• Fiduciary rule review could result in softened requirements on IRAs
• Possible change to best-interest-contract exemption
• Rule proponents don't want change to class action waiver ban
The requirements individual retirement account advisers must satisfy under the fiduciary rule could change after the Labor Department finishes re-examining the rule.
Changes may come in the form of softening of the requirements on IRAs under the best-interest-contract exemption, but don't expect those accounts to be taken out of the rule entirely, Erin K. Cho, a principal at Groom Law Group in Washington, told Bloomberg BNA. This exemption provides conditional relief that would allow advisers and financial institutions to keep receiving compensation related to providing retirement investors with advice.
The only authority the Department of Labor has over IRAs is the ability to issue prohibited transaction exemptions and the courts have indicated that the best-interest-contract exemption is an “appropriate exercise of the DOL's authority,” Erin M. Sweeney, an employee benefits attorney and of counsel with Miller & Chevalier in Washington, told Bloomberg BNA.
The Employee Retirement Income Security Act doesn't normally cover IRAs, but the DOL said in the rule finalized in April 2016 that certain intersections between ERISA and the tax code that relate to retirement plans allow the agency some leeway in this area.

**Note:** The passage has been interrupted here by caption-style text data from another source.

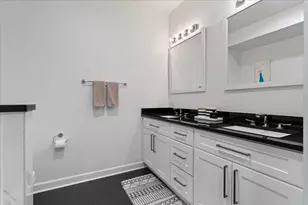363 W Superior St, Chicago, IL 60654 - Photo 19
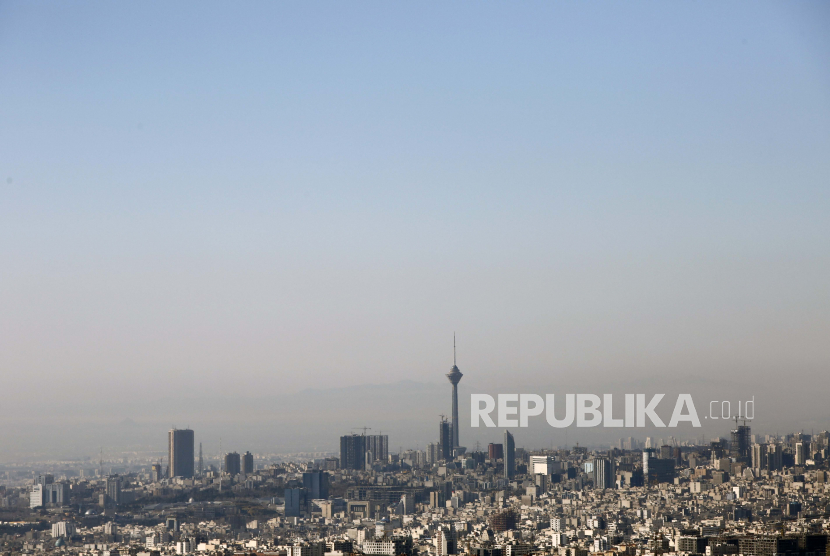 Pandangan umum ibu kota Teheran, Iran, 18 Januari 2022. Menteri: Investasi Arab Saudi di Iran Bisa Terjadi dalam Waktu Dekat
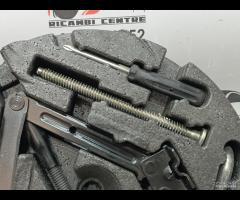 KIT EMERGENZA ATTREZZI SOLLEVATORE RUOTA OPEL INSI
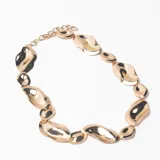 Collar de eslabones irregulares con acabado metálico brillante en tono dorado, con cadena de ajuste en el cierre.
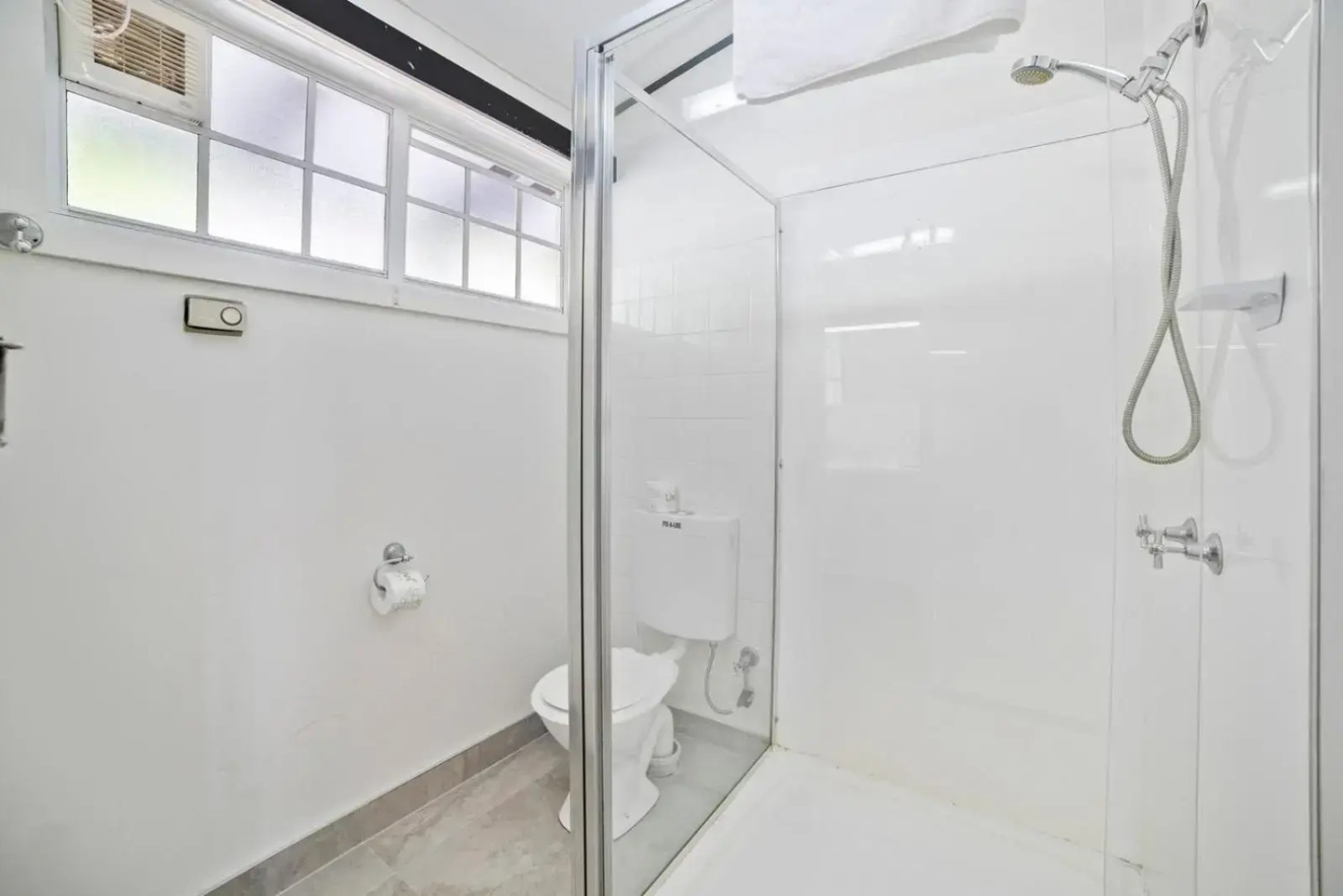 The Fox and Hounds Historic Hotel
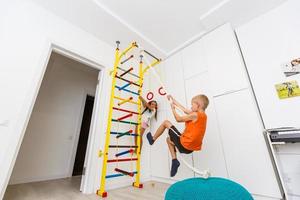 mur suédois de sports pour enfants photo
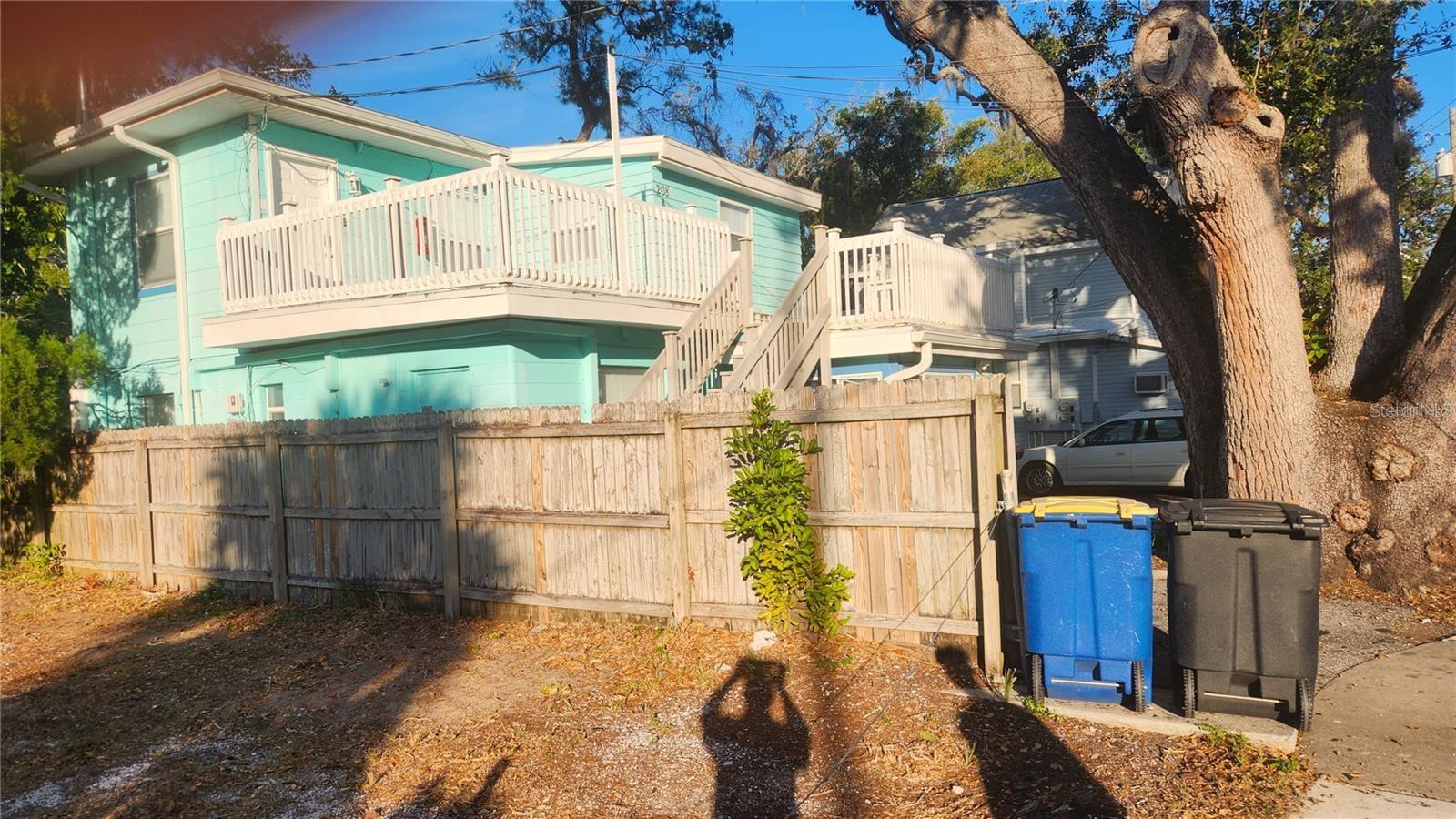 614 Oak Ave Property Photo 6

The DOL took the position in the final rule that relevant provisions of the tax code apply to ERISA-covered plans, even if they aren't subject to the tax code, and relevant provisions of ERISA apply to tax-qualified retirement plans, including IRAs, even if those plans aren't subject to ERISA.
Several of the lawsuits against the DOL have claimed that the DOL doesn't have authority
over IRAs and that it is trying to regulate IRAs through “the back-door.”
Tweaks to the contract requirement in the exemption would be the most direct way to soften the conditions on advisers offering IRAs, George Michael Gerstein, counsel with Stradley Ronon in Washington, told Bloomberg BNA.
Under the rule in its current state, financial advisers won't enjoy the benefits of the exemption if they include an arbitration agreement in their contracts that prevents investors from participating in class action litigation. The DOL recently said in a brief that it would no longer defend the rule's anti-arbitration condition.
Eliminating class action litigation as the primary enforcement mechanism under the best-interest-contract-exemption could also alleviate some pressure on advisers, Cho said.
If the DOL removed the contract requirement, it would narrow the potential causes of action that investors would have if they alleged malfeasance. The key to whether that happens may be whether the DOL “can get comfortable that the IRA can still be protected without the ability to sue a financial institution for breach of contract,” Gerstein said.
The agency June 29 asked for public feedback on several areas of the Obama-era rule on financial adviser conflicts-of-interest, including what the impact would be on compliance incentives if the DOL “eliminated or substantially altered the contract requirement for IRAs.” The agency also asked whether recommendations to make or increase contributions to a plan or IRA should be excluded from the definition of investment advice. July 21 is the final day to submit comments on whether the Jan. 1, 2018, applicability date should be extended. Comments on the rest of the questions asked in the request for information are due by Aug. 7.